For years, social conservatives have been trying, with some success, to carve out special rights that exempt them from following laws on equal treatment. The effort picked up momentum after the Supreme Court ruled in 2015 that same-sex couples had a constitutional right to marry and to all the “rights and responsibilities intertwined with marriage,” which clearly include the right to parent.
But Nance’s arrogation of special rights of “conscience” opens a dangerous new front in the religious war against LGBTQ equality. In an order announcing his decision, Nance cited his “conscientious objection to the concept of adoption of a child by a practicing homosexual,” explaining that, in his personal view, the best interest of a child could, “under no circumstance,” be served by having gay or lesbian parents.
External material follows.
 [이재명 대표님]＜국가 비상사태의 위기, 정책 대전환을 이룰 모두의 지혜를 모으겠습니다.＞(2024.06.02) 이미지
Nance did not defend his decision to recuse himself by making the case that children’s interests are actually harmed by having gay or lesbian parents. That’s because he couldn’t. As Mark Joseph Stern explained a year ago in Slate, the debate over whether same-sex parenting harms kids is over—and discrimination lost. Stern cited the latest scholarly study finding that children with same-sex parents faced no disadvantages compared to children with straight parents, and he also cited Columbia Law School’s “What We Know Project” (which I direct), which lists 75 peer-reviewed studies concluding the same.
Here’s what’s scary: Having lost the war over facts, Nance has instead embraced his bias, citing a state judicial conduct code requiring judges to recuse themselves if they have “a personal bias or prejudice” concerning a case. Conservative religious groups supported the judge’s move, and a statement from one such advocate lays bare the broken state of empirical truth in our nation’s legal system in the Trump era. “If we are going to let liberal judges write their personal biases and prejudices into law,” said Martin Cothran of the Family Foundation of Kentucky, “as we have done on issues of marriage and sexuality, then in the interest of fairness we are going to have to allow judges whose personal biases and prejudices are different to recuse themselves from such cases.”
This is an extraordinary statement—the equivalent of Kellyanne Conway citing “alternative facts” to explain the White House’s delusional claims that Donald Trump’s inauguration crowd was the largest ever. In the Trump era, the right wing (which used to complain about the moral relativism of the left) views the world of politics as a might-makes-right contest of competing biases. If you learned on your mother’s knee that gay people are bad, and you can get enough people to vote with you to enact that belief into policy, that is, for today’s right wing, a proper way to deploy the power of the law.
Gone are the days when policy advocates argued about which facts are correct, by marshaling evidence and trying to persuade. Gone are the days when even social conservatives respected the principle that the law should be applied without bias, and sought to deploy facts instead of tossing them aside. Today’s religious right (as with the alt-right), furious that their years of false claims about the alleged threats of various minorities have not been born out by factual evidence, have stopped even trying to play the game according to basic rules of reason.
It’s important to be clear on what Nance is not saying: His argument here is not that he believes gay adoption is wrong. It’s that, “as a matter of conscience,” he believes it harms the interests of children. Yet it’s impossible to square the circle: By placing debates over facts, which tell us that adoption by gay people does not harm children’s interests, into the realm of conscience, Nance conflates empirical claims with moral ones. He cannot meaningfully claim a “conscientious objection” to adoption by gay people any more than he can claim a conscientious objection to gravity.
This new front in the religious attack on LGBTQ equality shows no signs of slowing. In fact, it appears to be widening its net, and it’s crucial that it be recognized as not just an anti-LGBTQ backlash but part of the reactionary assault on the role of truth in our lives. As always, much more is at stake than the rights of any one group when the powerful come for the vulnerable.